• **Assignment**: Start your answer with the line containing "Disco de lamelas 60x15x6mm K80 RTT" and end it with the last line of the records below, retyping every line between exactly and adding nothing.

Top of Task data

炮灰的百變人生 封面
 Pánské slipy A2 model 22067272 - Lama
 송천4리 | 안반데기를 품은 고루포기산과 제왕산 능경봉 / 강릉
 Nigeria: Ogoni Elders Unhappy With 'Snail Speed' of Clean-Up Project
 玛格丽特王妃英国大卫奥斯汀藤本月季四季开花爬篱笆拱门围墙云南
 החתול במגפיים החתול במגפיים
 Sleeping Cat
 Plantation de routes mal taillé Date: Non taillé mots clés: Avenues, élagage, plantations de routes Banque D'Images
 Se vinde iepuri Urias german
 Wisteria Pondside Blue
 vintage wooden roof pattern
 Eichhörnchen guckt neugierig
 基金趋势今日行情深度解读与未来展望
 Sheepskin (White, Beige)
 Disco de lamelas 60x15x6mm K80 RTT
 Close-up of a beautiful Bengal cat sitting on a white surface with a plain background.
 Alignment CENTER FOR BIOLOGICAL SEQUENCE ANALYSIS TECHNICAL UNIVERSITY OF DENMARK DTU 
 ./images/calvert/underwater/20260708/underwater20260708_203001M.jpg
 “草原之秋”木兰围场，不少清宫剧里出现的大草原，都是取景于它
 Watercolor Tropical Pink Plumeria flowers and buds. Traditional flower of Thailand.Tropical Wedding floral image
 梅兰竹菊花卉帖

Bottom of Task data

• **Result of the task**:
 Disco de lamelas 60x15x6mm K80 RTT
 Close-up of a beautiful Bengal cat sitting on a white surface with a plain background.
 Alignment CENTER FOR BIOLOGICAL SEQUENCE ANALYSIS TECHNICAL UNIVERSITY OF DENMARK DTU 
 ./images/calvert/underwater/20260708/underwater20260708_203001M.jpg
 “草原之秋”木兰围场，不少清宫剧里出现的大草原，都是取景于它
 Watercolor Tropical Pink Plumeria flowers and buds. Traditional flower of Thailand.Tropical Wedding floral image
 梅兰竹菊花卉帖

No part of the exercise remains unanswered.